HOMILÍA DE MONS. LUIS MARTÍN BARRAZA
3er Domingo de Adviento
11 de diciembre 2022
En este domingo somos invitados a entrar en la alegría de los profetas por la llegada del Mesías. Jesucristo inscribe, hoy, al Bautista en la tradición profética y lo proclama el más grande de todos ellos. Sabemos que al hacer esto llama, también, la atención sobre sí como “el que ha de venir”, que es lo que está en cuestión. Este pasaje parece un homenaje a Juan, pero en realidad es una auto revelación de Jesús. Lo dice abiertamente, al presentar a Juan como Elías(Mt 11, 14), que según la tradición profética debía volver a preparar el camino al Mesías. Es por eso que la gente esperaba a Elías: “¿Eres tú, acaso, Elías?, preguntaban a Juan(Jn 1, 21). En el evangelio de Juan, el Bautista, niega ser el Mesías, Elías o el profeta que debía de venir, con la finalidad de resaltar la precedencia de Jesús. La Navidad como el cumplimiento de los anhelos más profundos del corazón humano reclaman el ejercicio de saber reconocer los signos de la presencia de Dios: “los ciegos ven, los cojos andan, los leprosos quedan limpios, los sordos oyen, los muertos resucitan…”(Mt 11, 5). La verdadera alegría nos lleva por un camino de renovación de la vida y de las estructuras, no se queda en la emoción pasajera.

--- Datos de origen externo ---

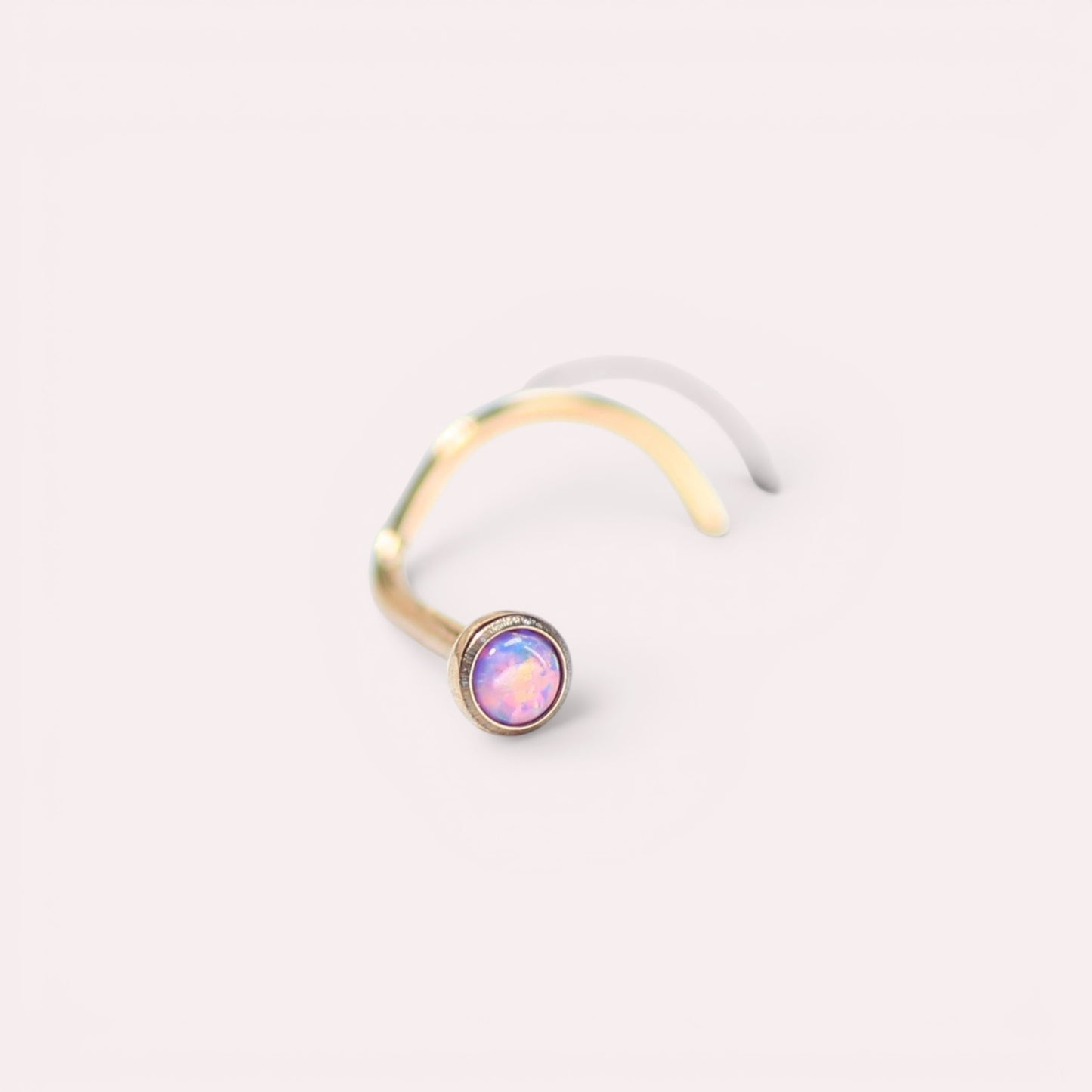MKBodyJewelry rose gold titanium nose stud with a 2.5mm round opal gem and secure corkscrew post for sensitive skin.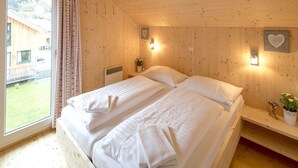 A double bed with white linens in a wooden cabin room with a view of a wooden house outside. - Pleasant Chalet With Indoor hot tub (Sankt Georgen am Kreischberg)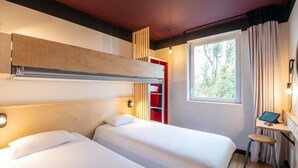 A hotel room with two beds, a desk, a window with curtains, and a red cabinet. - Greet Hotel Bourg-en-Bresse Sud Montagnat (Montagnat)
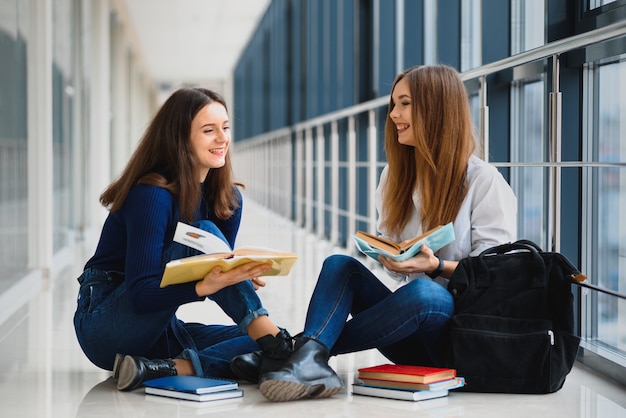 Dwie ładne studentki z książkami siedzą na podłodze w korytarzu uniwersytetu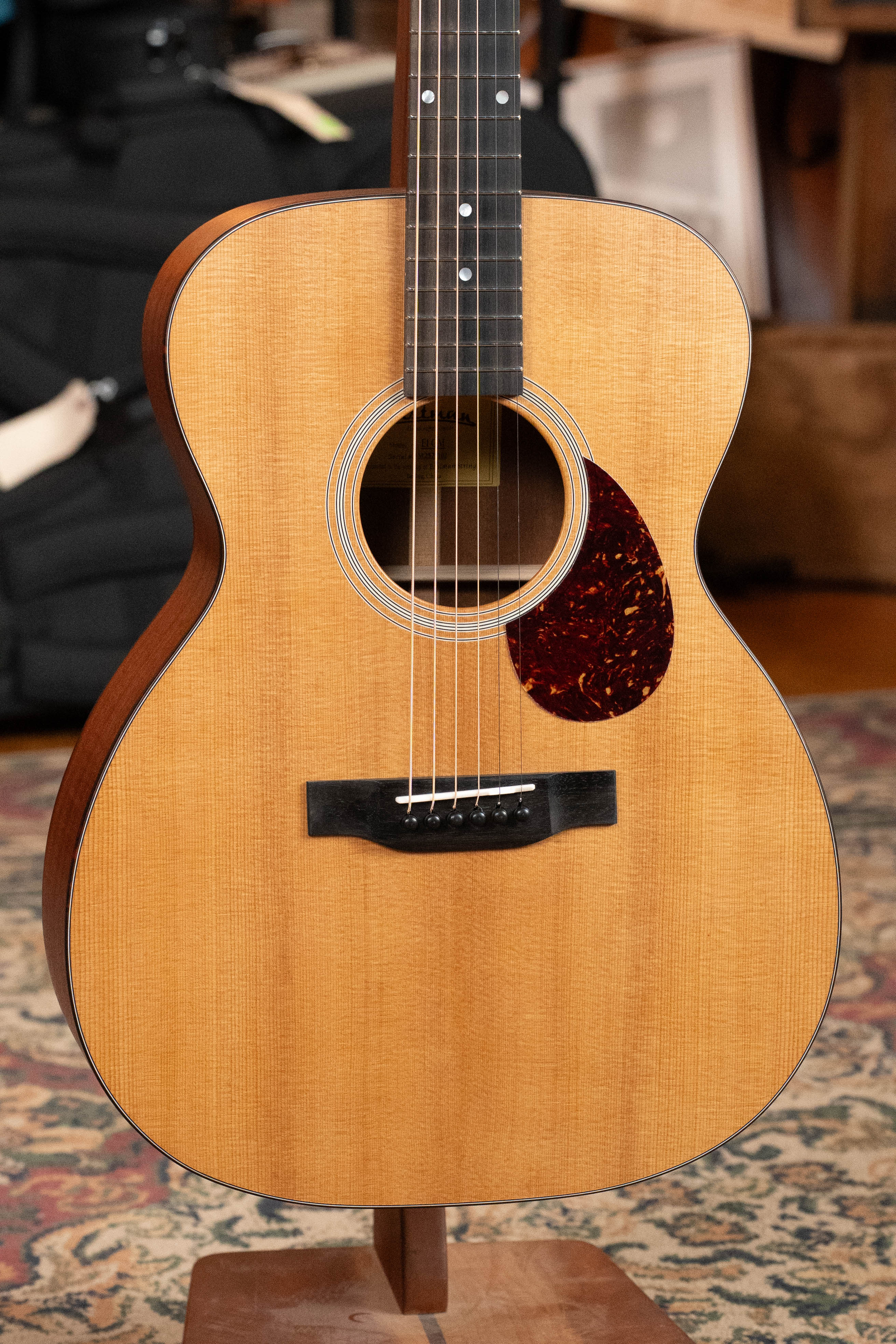 An Eastman Guitars E1OM All Solid Sitka/Sapele Orchestra Model Acoustic Guitar #7102 with a natural finish stands on display, featuring a solid Sitka spruce top, six strings, sound hole, dark pickguard, and a patterned rug background.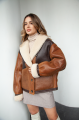 Women's sheepskin coat in VINTAGE style and a stylish combination of dark chocolate and whiskey colors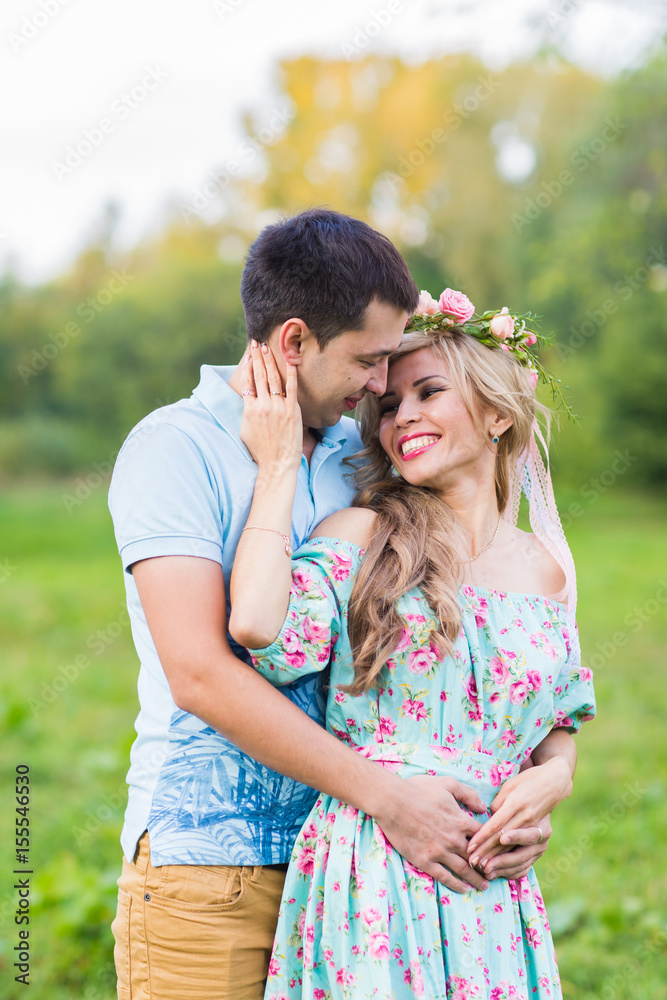 Couple embracing on the countryside. Young romantic man and woman standing and hugging each other with tenderness on nature. Young love concept. Couple embracing on the countryside. Young romantic man and woman standing and hugging each other with tenderness on nature. Young love concept.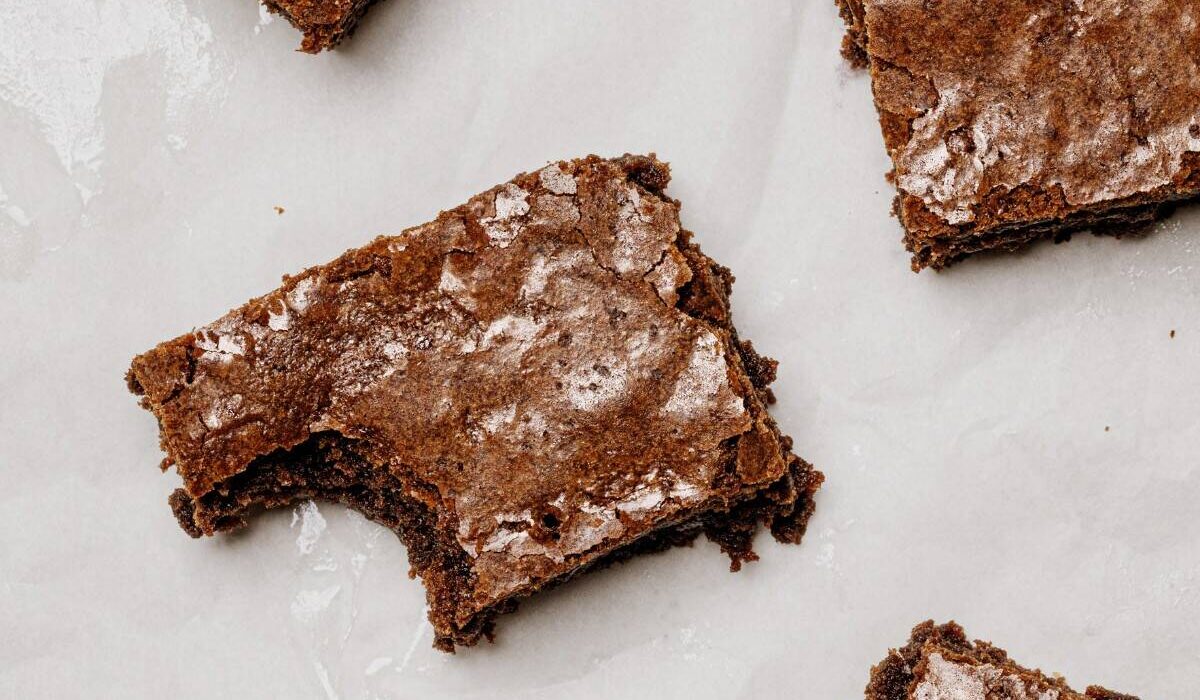 Overhead image of Lunch Lady Brownies cut into pieces on parchment paper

La navidad como culmen de toda esperanza debe enfrentar la indigencia radical de todo ser humano, su soledad existencial. Ser consciente de esto no es pesimismo, sino experiencia de un llamado a “ser como dioses” y lejos de lograrlo. Sólo el amor de Dios puede colmar el abismo inmenso que hay entre nuestra humilde condición y la vocación divina. Somos mendigos del amor de Dios por naturaleza. Por ello, la esperanza está muy enraizada en el fondo de nuestro ser. Pero a la condición normal de la existencia debemos añadir el misterio del mal que roba posibilidades de vida plena a cada persona. A la de por sí limitada existencia, el hombre contribuye con su egoísmo a hacer de este mundo un lugar precario y hasta peligroso para vivir y ser felices. Esto intensifica el deseo de paz y, por lo tanto la esperanza. Dentro de ella se recrea el proyecto original de Dios para nosotros, es algo muy serio, está en juego lo que somos y nuestra misión en la tierra. La esperanza no debe ser utilizada como un juego, para simplemente divertirnos o poner adrenalina a la vida. La esperanza se orienta al misterio de la encarnación, como la vivieron los profetas. Ella quiere dar a luz un tipo de hombre nuevo según Cristo y, por lo tanto, un pueblo fraterno donde “la pena y la aflicción habrán terminado”(Is 35, 10). Somos invitados en este tiempo a entrar en esta esperanza y no simplemente en “cosquilleos” fugaces.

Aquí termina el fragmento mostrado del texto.